Sure, build a power station anywhere you like - just not in my back yard. 

Go ahead, make my phone in a sweatshop so long as I can upgrade every year.

We are very selective in determining the problems that need solving. Or, far more likely when it comes to social media, of looking like we're solving the problem, or looking like we are on the same side of those that are solving the problem, or, at least, looking like we agree that a problem should be solved.

You could fairly point out that I am merely pointing a finger also. You would be right. I’ll save you the trouble of sorting through my recycling to learn that I could be more conscientious, and yes, I own an iPhone. But if you are going to draw a line, then draw it somewhere useful.  Somewhere that makes a clear and unequivocal statement about what will, and will not be, tolerated. Somewhere it will make a difference.

The line in the sand was overdue well before peeled fruit made its appearance.  Dissections of why empires fall invariably cite an internal disintegration. A society hollowed-out through perversions of right and wrong that ultimately obscure any reference point as to what might be acceptable, or desirable, standards. We might yet add a tipping point of disappearing up your own arse that decides it. Activism that begins and ends with a fierce tweet indicates a deluded humanity jumping the shark. A groundswell of those smoking their own crack that will ultimately become irreversible. 

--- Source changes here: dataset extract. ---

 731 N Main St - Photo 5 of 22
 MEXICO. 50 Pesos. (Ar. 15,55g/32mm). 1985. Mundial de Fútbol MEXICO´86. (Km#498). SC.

Problems that arise from convenience and comfort have, and will only ever have, two possible solutions - inconvenience and discomfort. The sooner Elon Musk gets us to Mars, the better, because there's nothing quite like an alien planet to put a tick in both those boxes. Here on Earth, either ignorance or laziness has made us fragile to any environment beyond our comfort zone, and increasingly vulnerable while in it. From every adaptation, on an evolutionary time scale all the way down to our personal development on a daily basis, our progress has always been a by-product of challenge and stress.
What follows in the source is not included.